Exploiting the Vulnerability

Next, you will need to identify how you will craft an exploit from the identified vulnerability. Leverage what you learned in class. You are also allowed to search the web for information about how to exploit web vulnerabilities. As long as you don’t lookup a walkthrough for the problem, you are not breaking the rules. If you get stuck, you can also see if the scoreboard provides a tutorial. If so, this is also not considered cheating.

Patching the vulnerability

For each of the vulnerabilities, you will need to identify how you would patch the vulnerability. The Juice Shop scoreboard will help you do so as all but one challenge also has a coding challenge attached to the main challenge. The coding challenge is available after completing the main challenge, and is found by clicking the farthest right button on the challenge row on the scoreboard. After completing the coding challenge, you will copy the correct patch code into sumission.md.

Writeup

I have provided a submission.md file that you will use to writeup your results. This is the file you will submit and be graded on.

For each problem, this file has a place for you to list the following information:

1. The list the steps necessary to execute the exploit.
2. An explanation of what the vulnerability was.
3. An explanation of how you would patch the vulnerability.
4. The patch from the coding challenge.

Recommended Resources

I recommend choosing one of the following ways to find and exploit vulnerabilities:

• Using Burp Suite is the easiest way to do it. This program will let you see and modify traffic between the browser and the server.
• Using the browser’s developer console, if you prefer to learn the details of the developer console instead of relying on a separate tool. An example of how to do so can be seen in this Stack Overflow thread.

These tools are also available as an alternative to Burp Suite:

• Fiddler
• Tamper Dev

In this project, you are also free to search the web for additional details about the attacks you will need to conduct. Don’t search for solutions, but you are otherwise free to use online resources. This is how real hacking works and is an important skill to build. Some websites that might be helpful include,

• Cross-site scripting
• SQL injection
• REST APIs
• React. This is the technology used to built Juice Shop. Don’t feel the need to read this all, but could be a helpful resource to search for specific questions.

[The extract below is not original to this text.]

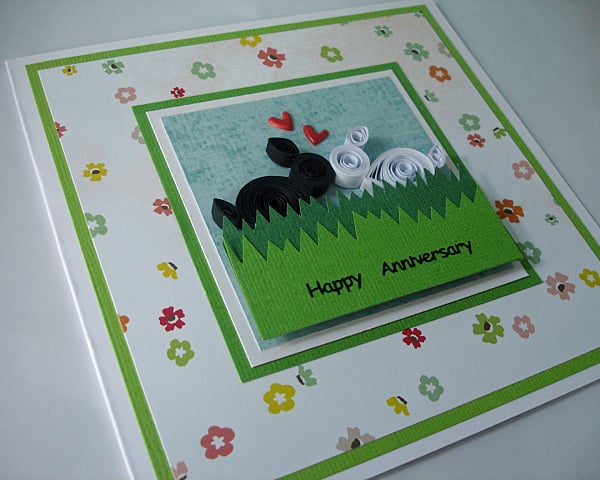 Quilled rabbits anniversary card
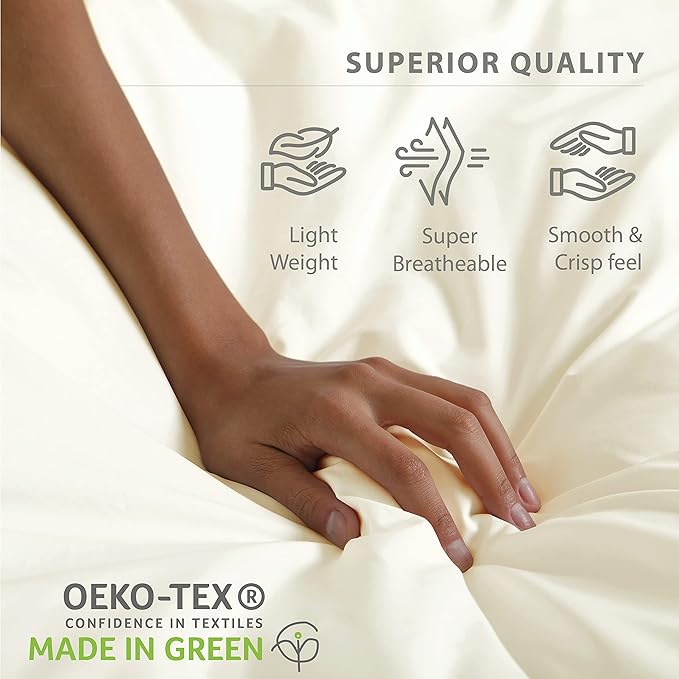Linen Home 100% Cotton Percale Sheets Queen Size, Ivory, Deep Pocket, 4 Pieces Set - 1 Flat, 1 Deep Pocket Fitted Sheet and 2 Pillowcases, Crisp Cool and Strong Bed Linen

We have also included a pentesting.pdf in the handout that you may find useful.

Grading Rubric

For most problems, you can receive 40 points:

• 15 points for listing the steps needed to execute your exploit
• 10 points for explaining what the vulnerability is
• 10 points for explaining how to patch the vulnerability (in a general sense)
• 5 points for correctly copying the patch from the coding challenge

Several problems slightly deviate from this grading rubric:

• You will not receive any points for finding the scoreboard. However, you will lose 20 points if you do not describe how you found it.
• The Reflected XSS problem does not have a coding challenge. You will receive those five points for correctly describing how to patch the vulnerability (in a general sense).
• The API-Only XSS is worth double points (80 points). This challenges incorporates what you have learned from previous steps and is significantly harder.

In total, 320 points are available for this project.

Handout

Handout file

Submission

Submit your submission.md file on Canvas.